Dealing in industrial commodities, Chemtrade’s financials can be volatile, often for reasons outside of its control. For example, last year’s results were impacted by higher raw material costs that squeezed margins, even though Chemtrade itself found ways to reduce its corporate costs.
Over time however, these temporary pressures always return to the mean. And when prices swing the other way, Chemtrade benefits immensely.
Since 2003, for example, Chemtrade’s stock has swung wildly, hitting lows in the $5 range and highs in the $20 range. Yet today, the share price is nearly the same as is was more than 15 years ago. Along the way, investors have collected the same, steady dividend every month.

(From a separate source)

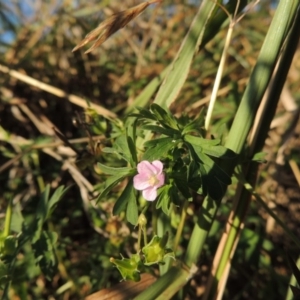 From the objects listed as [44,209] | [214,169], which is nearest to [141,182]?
[214,169]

So while the company’s underlying financials can be volatile, its long-term profitability has been surprisingly stable, and management has never backed off from paying its dividend.
Will the dividend stand?
With a dividend yield of more than 10%, many investors have been wondering whether a cut is on the way. An analyst from CIBC asked management directly on the latest quarterly conference call whether this will be the case.
“I want to start off on the dividend,” he said. “Would you ever consider cutting that dividend to pay down debt?” Notably, he noted that the dividend only comprises 60% of earnings, so the payout ratio is still fairly reasonable, even if the yield seems outsized.
Chemtrade’s CEO Mark Davis answered bluntly. “I’ll just say no,” he responded. “We set it up back in 2007, we see no reason to change it. So is the 10% dividend yield in our view is rich? We think actually hopefully that yield will come down as our share price recovers, but we have no current inclination to actually reduce the distribution despite the 10% yield.”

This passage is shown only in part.